## Records to process:
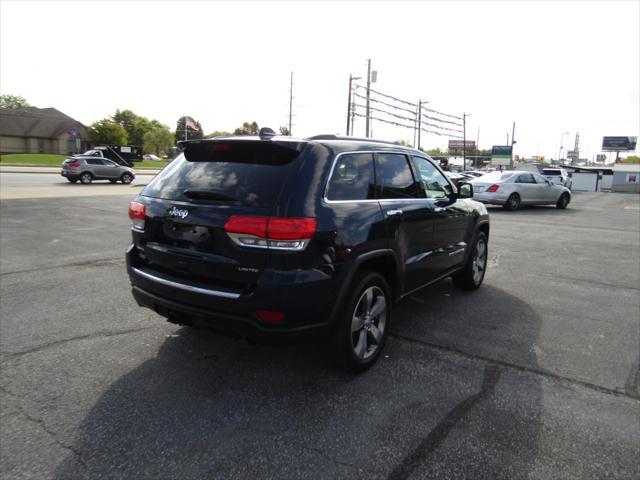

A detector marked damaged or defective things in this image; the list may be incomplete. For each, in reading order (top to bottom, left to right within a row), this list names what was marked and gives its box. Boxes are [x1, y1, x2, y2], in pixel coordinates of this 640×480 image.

pavement crack [2, 324, 154, 358]
pavement crack [390, 330, 640, 402]
pavement crack [0, 382, 90, 472]
pavement crack [388, 364, 502, 480]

## Task description:
Print every line above once more, exactly. Omit the pictures.

## Response area:
A detector marked damaged or defective things in this image; the list may be incomplete. For each, in reading order (top to bottom, left to right within a row), this list names what was marked and gives its box. Boxes are [x1, y1, x2, y2], in pixel coordinates of this 640×480 image.

pavement crack [2, 324, 154, 358]
pavement crack [390, 330, 640, 402]
pavement crack [0, 382, 90, 472]
pavement crack [388, 364, 502, 480]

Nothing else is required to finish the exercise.